Task item: Output only the stretch of the listing that starts at the line containing "SPACEFOX 1.6 MI" and ends at the line containing "Varilla Lisa Acero", reproduced exactly with both ends.

Given data:
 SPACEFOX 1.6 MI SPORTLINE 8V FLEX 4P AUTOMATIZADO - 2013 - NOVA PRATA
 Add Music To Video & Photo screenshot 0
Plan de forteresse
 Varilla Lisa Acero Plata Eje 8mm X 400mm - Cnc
--
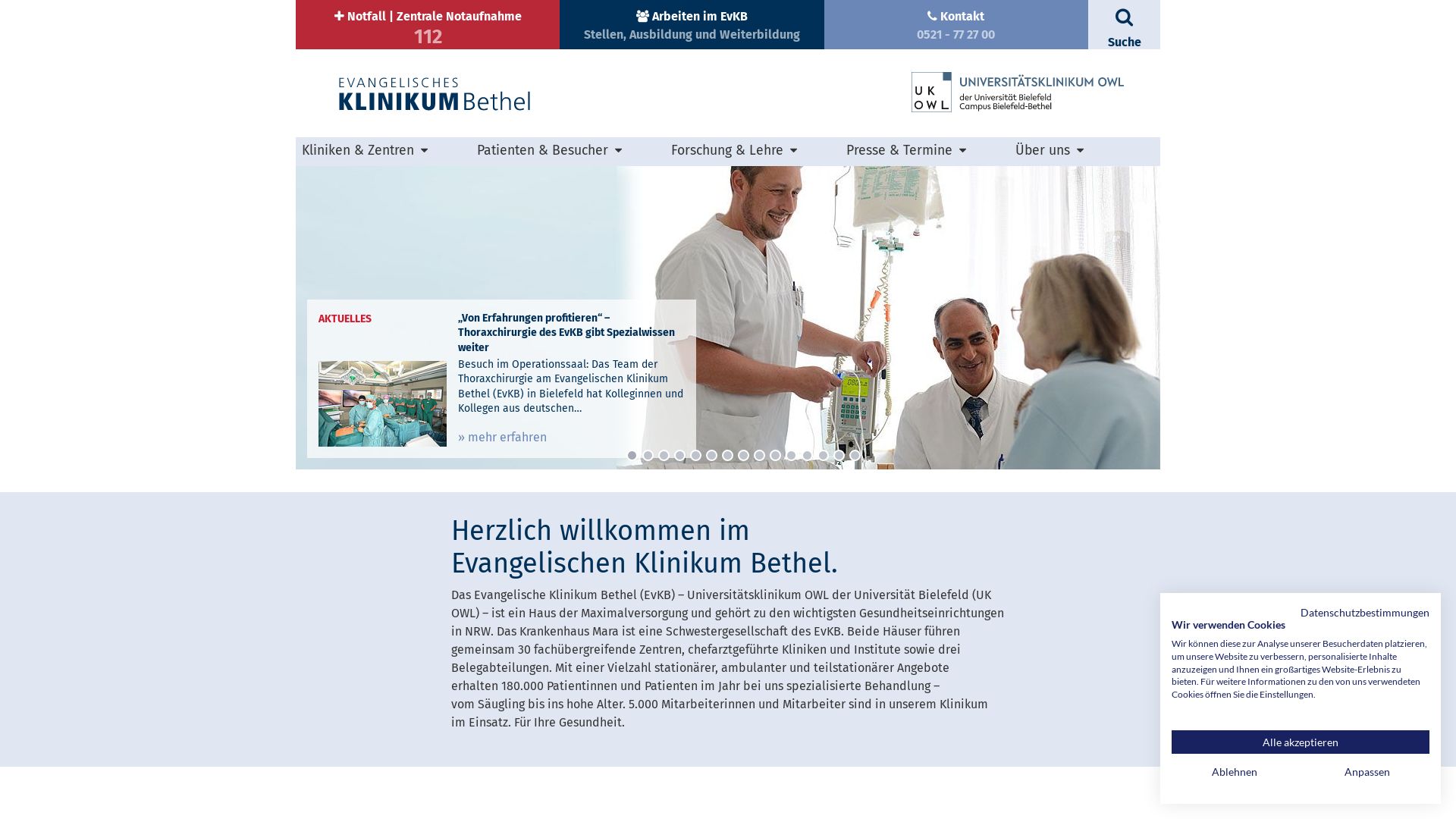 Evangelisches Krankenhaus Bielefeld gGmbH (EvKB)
--
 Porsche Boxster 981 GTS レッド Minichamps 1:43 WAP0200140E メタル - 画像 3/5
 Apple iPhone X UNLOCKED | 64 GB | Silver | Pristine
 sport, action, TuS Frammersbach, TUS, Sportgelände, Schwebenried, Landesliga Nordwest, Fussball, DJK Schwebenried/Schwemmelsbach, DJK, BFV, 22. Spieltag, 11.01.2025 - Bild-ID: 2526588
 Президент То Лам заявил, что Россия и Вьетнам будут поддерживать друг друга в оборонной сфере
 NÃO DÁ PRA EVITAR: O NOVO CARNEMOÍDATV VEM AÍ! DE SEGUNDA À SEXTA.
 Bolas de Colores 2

Answer below:
 SPACEFOX 1.6 MI SPORTLINE 8V FLEX 4P AUTOMATIZADO - 2013 - NOVA PRATA
 Add Music To Video & Photo screenshot 0
Plan de forteresse
 Varilla Lisa Acero Plata Eje 8mm X 400mm - Cnc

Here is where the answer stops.